Mais sous mac il y a le problème des "ActiveX" qui sont une composante de windows et qui par conséquent ne fonctionnent pas sous mac. 
Et je n'arrive pas à contourner le problème. 
L'erreur à laquelle je fais face est la suivante:





Et le message suivant s'affiche : 
 "Erreur 429, un composant ActiveX ne peut pas créer d'objet" 

Voila j'espère que l'un de vous sait comment contourner ce problème !
Merci d'avance


----------



## zeltron54 (10 Mai 2017)

Bonjour,

Tu devrais regarder ce fil en espérant que tu trouves ton bonheur ! : https://forums.macg.co/threads/vba-compatibilite-mac-pc.1212098/


----------



## fumexo (10 Mai 2017)

Haha j'étais en train de le lire ^^
Mais il parle d'un code sans activeX sauf qu'il ne le post pas alors ... 
Je regarde donc la doc de Ron de Bruin mais je ne trouve rien ...


----------



## zeltron54 (10 Mai 2017)

Là, je ne suis pas en mesure de t'aider, mais si Aliboron passe dans le coin, il va certainement pouvoir t'aiguiller .


----------



## fumexo (10 Mai 2017)

J'espère qu' Aliboron passera dans le coin alors


----------



## zeltron54 (10 Mai 2017)

Je suppose que ta fonction met le chemin du dossier dans la variable ?

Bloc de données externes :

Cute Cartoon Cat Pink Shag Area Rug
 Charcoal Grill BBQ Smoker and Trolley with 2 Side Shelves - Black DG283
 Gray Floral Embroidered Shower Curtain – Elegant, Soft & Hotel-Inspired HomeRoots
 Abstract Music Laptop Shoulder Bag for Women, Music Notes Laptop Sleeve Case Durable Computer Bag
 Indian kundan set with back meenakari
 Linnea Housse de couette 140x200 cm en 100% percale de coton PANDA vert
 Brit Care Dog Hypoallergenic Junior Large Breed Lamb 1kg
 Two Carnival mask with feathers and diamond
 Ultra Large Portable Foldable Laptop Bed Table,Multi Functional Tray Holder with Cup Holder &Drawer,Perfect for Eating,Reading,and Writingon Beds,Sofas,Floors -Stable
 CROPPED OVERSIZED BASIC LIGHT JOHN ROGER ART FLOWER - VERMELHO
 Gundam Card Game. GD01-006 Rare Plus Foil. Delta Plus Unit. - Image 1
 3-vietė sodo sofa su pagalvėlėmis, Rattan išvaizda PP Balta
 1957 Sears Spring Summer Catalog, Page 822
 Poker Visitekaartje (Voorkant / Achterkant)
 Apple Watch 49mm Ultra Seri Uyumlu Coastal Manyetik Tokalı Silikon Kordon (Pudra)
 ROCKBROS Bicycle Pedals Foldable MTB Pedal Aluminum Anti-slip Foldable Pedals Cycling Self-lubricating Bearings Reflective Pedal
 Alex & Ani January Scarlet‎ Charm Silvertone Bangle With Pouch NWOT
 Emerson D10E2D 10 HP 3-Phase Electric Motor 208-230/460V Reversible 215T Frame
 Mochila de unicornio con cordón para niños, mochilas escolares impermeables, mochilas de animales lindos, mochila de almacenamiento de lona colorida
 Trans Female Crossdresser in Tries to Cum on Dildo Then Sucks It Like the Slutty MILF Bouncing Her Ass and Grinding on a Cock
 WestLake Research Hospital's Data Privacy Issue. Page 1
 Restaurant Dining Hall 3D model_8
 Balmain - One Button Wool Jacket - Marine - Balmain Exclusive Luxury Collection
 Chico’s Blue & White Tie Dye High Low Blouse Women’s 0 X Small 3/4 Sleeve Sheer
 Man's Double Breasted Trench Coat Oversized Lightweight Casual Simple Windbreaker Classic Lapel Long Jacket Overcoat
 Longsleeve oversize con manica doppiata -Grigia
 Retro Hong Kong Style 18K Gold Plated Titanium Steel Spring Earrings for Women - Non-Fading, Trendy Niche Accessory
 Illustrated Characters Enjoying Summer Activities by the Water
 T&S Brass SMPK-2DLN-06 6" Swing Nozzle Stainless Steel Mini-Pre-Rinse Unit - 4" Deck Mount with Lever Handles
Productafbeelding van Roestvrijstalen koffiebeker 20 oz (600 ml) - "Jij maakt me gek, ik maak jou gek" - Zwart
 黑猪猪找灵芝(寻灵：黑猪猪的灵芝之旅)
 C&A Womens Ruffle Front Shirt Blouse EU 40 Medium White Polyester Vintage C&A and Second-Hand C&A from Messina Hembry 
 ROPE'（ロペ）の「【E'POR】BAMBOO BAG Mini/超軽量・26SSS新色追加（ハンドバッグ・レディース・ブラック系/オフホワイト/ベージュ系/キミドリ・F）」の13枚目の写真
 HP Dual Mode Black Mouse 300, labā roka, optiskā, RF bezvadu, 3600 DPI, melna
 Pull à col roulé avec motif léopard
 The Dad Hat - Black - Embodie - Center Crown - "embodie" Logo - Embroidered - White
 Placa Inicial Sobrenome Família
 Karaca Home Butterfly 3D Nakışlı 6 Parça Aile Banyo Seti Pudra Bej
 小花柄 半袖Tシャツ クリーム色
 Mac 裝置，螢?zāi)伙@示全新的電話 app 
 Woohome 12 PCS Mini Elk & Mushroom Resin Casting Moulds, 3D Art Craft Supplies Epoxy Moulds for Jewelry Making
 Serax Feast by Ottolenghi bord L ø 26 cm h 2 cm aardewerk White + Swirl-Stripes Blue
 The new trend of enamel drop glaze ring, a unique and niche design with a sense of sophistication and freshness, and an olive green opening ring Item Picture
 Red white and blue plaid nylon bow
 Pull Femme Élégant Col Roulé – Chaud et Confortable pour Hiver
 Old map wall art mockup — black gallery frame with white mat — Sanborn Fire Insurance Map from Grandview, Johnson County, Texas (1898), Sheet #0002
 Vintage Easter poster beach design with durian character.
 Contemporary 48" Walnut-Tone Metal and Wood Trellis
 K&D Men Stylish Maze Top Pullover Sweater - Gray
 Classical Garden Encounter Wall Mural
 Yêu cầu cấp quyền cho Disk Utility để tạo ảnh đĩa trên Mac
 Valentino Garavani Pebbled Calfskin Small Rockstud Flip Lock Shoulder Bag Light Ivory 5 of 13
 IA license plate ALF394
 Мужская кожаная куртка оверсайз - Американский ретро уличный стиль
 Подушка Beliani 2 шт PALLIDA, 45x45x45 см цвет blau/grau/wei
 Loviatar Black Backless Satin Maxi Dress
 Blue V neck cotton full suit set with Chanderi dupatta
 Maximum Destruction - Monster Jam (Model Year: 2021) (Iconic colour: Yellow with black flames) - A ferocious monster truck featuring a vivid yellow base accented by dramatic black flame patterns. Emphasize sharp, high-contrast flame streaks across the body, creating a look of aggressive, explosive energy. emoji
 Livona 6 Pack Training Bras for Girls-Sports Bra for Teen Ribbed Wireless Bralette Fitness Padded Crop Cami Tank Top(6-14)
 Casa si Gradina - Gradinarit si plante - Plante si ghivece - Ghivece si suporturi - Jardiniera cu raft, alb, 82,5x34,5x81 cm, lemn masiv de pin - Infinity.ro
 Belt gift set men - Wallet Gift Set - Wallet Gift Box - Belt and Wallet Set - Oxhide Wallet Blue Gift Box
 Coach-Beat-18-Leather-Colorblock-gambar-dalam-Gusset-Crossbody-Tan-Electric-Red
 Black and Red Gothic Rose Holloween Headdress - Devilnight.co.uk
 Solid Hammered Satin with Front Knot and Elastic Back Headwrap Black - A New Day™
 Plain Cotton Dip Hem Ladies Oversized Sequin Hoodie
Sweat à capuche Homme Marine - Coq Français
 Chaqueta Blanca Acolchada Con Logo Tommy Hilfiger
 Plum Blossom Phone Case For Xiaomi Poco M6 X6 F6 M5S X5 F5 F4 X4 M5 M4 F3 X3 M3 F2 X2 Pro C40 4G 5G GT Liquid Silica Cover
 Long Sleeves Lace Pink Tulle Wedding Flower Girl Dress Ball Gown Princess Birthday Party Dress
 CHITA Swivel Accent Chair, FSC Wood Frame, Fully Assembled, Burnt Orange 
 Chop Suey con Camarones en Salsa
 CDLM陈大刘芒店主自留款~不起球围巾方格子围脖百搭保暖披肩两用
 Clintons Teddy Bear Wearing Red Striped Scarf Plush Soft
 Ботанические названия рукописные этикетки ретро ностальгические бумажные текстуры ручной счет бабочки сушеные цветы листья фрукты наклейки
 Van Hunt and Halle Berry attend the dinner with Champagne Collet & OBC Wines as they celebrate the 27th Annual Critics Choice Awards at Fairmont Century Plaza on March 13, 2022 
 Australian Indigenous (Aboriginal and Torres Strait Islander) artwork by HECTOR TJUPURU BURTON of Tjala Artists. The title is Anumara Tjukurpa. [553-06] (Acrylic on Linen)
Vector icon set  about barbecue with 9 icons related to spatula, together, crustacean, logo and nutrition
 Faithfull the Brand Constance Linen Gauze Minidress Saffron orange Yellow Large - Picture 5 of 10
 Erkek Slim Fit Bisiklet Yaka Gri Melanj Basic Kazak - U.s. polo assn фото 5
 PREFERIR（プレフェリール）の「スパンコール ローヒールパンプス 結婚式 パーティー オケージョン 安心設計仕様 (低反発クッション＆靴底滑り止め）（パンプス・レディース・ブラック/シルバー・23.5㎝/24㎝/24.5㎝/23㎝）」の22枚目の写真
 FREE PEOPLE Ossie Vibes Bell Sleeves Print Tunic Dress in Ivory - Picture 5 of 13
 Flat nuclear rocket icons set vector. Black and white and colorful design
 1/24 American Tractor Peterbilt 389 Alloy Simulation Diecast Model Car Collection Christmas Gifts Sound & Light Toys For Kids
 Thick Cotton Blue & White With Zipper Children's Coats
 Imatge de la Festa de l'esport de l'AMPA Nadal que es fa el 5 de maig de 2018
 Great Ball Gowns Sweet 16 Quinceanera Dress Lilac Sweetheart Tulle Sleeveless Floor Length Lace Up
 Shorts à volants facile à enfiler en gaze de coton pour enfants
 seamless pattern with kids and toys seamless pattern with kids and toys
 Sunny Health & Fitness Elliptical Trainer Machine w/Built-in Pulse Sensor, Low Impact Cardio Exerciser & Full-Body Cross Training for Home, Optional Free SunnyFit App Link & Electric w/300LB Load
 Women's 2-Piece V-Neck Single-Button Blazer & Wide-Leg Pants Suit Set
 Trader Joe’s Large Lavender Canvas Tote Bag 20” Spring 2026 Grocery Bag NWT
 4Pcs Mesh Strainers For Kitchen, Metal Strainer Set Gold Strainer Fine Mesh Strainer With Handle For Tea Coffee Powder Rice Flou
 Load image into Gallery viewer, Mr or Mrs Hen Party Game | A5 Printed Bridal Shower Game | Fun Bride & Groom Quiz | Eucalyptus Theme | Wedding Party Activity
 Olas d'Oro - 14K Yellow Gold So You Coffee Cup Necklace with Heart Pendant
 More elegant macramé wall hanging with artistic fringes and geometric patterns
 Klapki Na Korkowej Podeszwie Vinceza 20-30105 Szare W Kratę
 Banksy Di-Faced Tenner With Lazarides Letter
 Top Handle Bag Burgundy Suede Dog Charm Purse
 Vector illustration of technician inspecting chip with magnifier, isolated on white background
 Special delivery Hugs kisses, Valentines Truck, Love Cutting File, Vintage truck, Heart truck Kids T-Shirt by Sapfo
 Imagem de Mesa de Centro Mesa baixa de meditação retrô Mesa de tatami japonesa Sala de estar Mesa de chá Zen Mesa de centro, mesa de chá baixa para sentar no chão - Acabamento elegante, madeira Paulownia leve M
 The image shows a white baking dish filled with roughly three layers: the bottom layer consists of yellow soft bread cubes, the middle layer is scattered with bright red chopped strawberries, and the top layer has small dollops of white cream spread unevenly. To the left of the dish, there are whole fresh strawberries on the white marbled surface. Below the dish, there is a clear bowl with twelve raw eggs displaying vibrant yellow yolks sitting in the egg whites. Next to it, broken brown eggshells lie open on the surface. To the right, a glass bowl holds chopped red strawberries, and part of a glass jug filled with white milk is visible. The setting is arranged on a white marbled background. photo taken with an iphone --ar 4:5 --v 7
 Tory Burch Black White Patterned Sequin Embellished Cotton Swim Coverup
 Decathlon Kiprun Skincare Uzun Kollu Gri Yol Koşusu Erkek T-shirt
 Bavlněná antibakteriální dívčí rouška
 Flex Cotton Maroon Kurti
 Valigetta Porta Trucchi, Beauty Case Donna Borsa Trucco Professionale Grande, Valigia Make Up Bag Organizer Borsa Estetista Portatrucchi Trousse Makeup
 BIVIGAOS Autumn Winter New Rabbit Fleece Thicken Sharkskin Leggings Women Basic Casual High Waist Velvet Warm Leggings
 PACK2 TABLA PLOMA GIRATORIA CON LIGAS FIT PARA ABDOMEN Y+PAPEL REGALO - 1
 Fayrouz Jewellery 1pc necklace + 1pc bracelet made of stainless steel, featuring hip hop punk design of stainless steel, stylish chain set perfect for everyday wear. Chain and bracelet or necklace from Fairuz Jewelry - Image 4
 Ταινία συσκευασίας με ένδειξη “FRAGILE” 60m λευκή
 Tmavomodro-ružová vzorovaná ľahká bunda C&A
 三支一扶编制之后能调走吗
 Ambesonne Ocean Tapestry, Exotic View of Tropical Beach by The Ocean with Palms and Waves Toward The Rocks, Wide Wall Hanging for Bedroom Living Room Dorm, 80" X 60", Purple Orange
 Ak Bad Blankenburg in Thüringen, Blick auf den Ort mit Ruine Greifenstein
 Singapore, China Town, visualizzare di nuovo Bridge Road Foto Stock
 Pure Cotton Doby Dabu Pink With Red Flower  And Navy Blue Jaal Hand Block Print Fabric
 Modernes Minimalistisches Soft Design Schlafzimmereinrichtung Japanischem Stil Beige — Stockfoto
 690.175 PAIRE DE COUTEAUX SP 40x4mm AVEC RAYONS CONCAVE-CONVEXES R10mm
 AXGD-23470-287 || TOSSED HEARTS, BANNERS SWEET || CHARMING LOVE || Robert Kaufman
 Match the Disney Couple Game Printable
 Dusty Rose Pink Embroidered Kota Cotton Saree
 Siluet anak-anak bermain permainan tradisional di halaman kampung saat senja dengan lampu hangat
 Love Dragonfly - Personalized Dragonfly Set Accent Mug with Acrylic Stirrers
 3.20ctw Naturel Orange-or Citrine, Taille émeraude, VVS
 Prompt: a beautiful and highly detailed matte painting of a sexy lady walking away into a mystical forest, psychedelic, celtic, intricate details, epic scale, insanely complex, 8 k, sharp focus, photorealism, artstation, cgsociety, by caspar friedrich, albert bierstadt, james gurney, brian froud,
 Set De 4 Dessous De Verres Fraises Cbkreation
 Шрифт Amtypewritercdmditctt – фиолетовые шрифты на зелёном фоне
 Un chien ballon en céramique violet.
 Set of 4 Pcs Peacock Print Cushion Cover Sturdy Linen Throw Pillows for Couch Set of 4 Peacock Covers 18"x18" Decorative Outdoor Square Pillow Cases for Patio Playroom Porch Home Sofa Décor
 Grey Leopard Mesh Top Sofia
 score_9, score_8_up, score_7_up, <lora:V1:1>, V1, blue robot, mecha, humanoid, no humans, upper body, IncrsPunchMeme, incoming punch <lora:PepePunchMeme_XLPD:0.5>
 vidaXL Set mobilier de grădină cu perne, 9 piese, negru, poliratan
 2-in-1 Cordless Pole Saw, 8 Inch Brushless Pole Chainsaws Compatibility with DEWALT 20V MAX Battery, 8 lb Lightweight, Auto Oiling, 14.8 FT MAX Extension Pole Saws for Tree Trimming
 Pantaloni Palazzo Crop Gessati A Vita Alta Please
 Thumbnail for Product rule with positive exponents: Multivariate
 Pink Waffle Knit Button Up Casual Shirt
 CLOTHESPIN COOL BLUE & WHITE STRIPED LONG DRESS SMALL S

Si c'est ça peut-être une réponse là: https://www.excel-downloads.com/threads/vba-et-fonction-macscript-chemin-du-bureau.211955/


----------



## fumexo (10 Mai 2017)

Ha peut être
Mais j'arrive pas a m'en sortir tout de même...


----------



## fumexo (12 Mai 2017)

Bon j'ai déjà lu les 6 première page de résultats Google concernant ce problème et beaucoup l'on eu mais aucun n'a trouvé de solution ^^
Mon dernier espoir était ce forum mais apparemment ce problème n'est pas contournable ! 

j'abandonne donc, je dirai  a mon entreprise de trouver un PC !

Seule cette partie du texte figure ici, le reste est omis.